For example, most wild carnivorous animals lack the receptors for tasting sugar or carbohydrates. And unlike dogs, which have been living around humans and feasted off our scraps for up to 40,000 years, domestic cats have only been around for about 4,300. For the majority of that time, they were considered a kind of free pest-control that could fend for themselves.

So, while cats are particularly drawn to Japanese food, which is rich in meat and seafood, you’re unlikely to find them stealing ice-creams or doughnuts – unlike dogs, they simply haven’t been around humans for long enough to have evolved the ability to taste sugar.

Cats are irresistibly drawn to the chemical compounds found in rotting fish (Credit: Getty Images)
Cats are irresistibly drawn to the chemical compounds found in rotting fish (Credit: Getty Images)

On the other hand, because vegan animals eat exclusively vegetable matter, which is often rich in fibre and carbohydrates, they tend to prefer sweeter pet food.

Finally, no list of palatants would be complete without pyrophosphate, described in Popular Science as “cat crack”. This common additive performs a number of roles in human food, such as preventing potato products from going dark after they’re cooked – none of which involve improving its taste. Nevertheless, cats go nuts for it, possibly because it intensifies the flavour of amino acids.

Pet food companies are now so successful at making food delicious that they’re increasingly encountering a dilemma – it’s almost too good. “The danger for cats and dogs today is the same as for people, it’s overconsumption,” says Andrew Knight, a professor of animal welfare and ethics at the University of Winchester.
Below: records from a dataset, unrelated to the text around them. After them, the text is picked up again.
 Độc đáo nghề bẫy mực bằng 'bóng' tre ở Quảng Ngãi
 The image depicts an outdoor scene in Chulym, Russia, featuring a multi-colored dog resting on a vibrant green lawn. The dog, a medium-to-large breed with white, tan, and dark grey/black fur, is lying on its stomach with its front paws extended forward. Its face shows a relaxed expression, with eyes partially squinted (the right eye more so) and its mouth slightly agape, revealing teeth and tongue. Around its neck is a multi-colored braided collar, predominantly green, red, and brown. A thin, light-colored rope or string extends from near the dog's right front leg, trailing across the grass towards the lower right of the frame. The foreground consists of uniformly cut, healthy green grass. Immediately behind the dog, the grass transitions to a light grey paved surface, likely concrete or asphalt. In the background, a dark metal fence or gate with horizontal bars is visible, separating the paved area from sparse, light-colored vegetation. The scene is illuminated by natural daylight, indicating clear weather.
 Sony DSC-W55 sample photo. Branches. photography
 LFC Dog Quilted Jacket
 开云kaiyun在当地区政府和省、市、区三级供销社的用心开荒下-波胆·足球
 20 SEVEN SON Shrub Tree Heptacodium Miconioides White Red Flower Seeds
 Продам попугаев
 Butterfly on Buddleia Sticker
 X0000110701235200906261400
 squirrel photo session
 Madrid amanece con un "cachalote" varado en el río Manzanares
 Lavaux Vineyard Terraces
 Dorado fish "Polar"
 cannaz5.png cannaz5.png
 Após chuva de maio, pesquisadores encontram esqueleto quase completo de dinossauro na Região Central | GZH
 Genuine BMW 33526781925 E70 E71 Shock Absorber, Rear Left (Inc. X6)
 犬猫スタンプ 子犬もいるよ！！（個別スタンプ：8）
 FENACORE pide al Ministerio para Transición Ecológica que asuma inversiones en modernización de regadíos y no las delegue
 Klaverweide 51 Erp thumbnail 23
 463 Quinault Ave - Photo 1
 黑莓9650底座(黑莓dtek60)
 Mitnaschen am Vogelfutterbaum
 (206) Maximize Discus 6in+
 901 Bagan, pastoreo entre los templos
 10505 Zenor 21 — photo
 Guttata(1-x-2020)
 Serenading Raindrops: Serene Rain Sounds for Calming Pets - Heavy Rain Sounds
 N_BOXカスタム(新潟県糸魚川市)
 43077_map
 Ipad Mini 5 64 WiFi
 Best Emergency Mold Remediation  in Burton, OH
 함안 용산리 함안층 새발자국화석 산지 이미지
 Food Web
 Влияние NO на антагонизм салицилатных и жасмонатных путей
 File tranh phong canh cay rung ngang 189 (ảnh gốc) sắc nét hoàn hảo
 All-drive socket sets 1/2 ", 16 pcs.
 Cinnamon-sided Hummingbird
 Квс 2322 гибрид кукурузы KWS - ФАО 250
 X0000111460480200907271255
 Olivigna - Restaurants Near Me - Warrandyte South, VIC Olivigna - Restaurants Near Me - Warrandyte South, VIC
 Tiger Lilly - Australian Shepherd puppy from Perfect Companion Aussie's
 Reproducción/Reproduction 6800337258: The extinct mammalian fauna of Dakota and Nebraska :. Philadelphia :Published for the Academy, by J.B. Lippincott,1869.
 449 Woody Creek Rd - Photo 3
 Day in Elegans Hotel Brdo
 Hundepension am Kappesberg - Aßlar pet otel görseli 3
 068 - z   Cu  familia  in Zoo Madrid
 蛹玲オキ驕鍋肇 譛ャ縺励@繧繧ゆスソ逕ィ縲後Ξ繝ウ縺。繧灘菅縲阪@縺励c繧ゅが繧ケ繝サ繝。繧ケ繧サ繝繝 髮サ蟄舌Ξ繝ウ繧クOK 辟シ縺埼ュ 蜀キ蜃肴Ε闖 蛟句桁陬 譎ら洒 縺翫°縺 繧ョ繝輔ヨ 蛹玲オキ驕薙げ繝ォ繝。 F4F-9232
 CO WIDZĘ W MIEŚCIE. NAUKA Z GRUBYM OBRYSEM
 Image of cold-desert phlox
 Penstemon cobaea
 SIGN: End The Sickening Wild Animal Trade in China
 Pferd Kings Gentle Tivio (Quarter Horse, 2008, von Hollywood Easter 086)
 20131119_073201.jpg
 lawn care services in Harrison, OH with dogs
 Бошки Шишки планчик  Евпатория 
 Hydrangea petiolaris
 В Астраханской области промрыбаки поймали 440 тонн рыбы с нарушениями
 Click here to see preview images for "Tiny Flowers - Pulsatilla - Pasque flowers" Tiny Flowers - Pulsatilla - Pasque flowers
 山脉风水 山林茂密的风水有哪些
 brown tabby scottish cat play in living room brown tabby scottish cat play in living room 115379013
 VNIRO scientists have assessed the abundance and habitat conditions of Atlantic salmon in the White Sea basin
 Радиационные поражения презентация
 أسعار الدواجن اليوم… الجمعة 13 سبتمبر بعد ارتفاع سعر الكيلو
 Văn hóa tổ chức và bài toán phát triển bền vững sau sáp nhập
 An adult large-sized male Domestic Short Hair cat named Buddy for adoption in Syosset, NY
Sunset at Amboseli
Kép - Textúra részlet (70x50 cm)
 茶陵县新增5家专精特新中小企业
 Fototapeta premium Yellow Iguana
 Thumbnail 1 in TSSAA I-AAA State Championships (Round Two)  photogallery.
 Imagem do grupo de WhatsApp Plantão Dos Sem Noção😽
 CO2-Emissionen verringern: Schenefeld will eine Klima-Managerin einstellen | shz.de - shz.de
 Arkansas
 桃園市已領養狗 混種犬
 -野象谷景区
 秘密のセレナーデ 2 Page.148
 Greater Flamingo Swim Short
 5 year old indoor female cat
Pet obesity is a growing problem in the developed world, with one survey of veterinary professionals at a vet show in London suggesting that around 51% of dogs, 44% of cats and 29% of small mammals are now overweight or obese.

Pet foods made from more sustainable ingredients such as insects or soya are generally just as acceptable to carnivorous pets as the real deal

According to Logan, this is not down to the way pet food is formulated, but humans succumbing to their beloved pets’ pleading gazes. “The reason we make pet food palatable is that if they don’t eat all the food that we give them, it won’t meet the nutritional needs that they require,” he says. “The real problem is owners feeding them too much – pets can’t open the packets themselves.”

However, there is an upside. There are mounting concerns about the environmental impact of pet food, too – in 2009, two New Zealand scientists estimated the planetary cost of keeping a dog as roughly twice that of having a medium-sized SUV.

Pets given too much calorific processed food may, just like humans, put on extra weight (Credit: Getty Images)
Pets given too much calorific processed food may, just like humans, put on extra weight (Credit: Getty Images)

This is where palatants come in. Because most pet foods comprise a fairly tasteless base that is spruced up with delicious flavourings and smells, pet foods made from more sustainable ingredients such as insects or soya are generally just as acceptable to carnivorous pets as the real deal. (Though cats cannot be fed a diet that is meat free.)

“According to this really large-scale study that we’ve just finished, the animals on vegan pet foods seem to be just as happy as animals on meat ones,” says Knight, who is hopeful about their future potential.

“There is a broad recognition that the need to be more sustainable will have a big impact on the pet food business,” says Logan, who explains that the pet food company he works for has just released its own brand of insect-based pet food.

So, why do our pets find pet food so addictive? Well, because it’s been made that way. Just like us, our pets find it hard to say no to the food we have designed to be tasty.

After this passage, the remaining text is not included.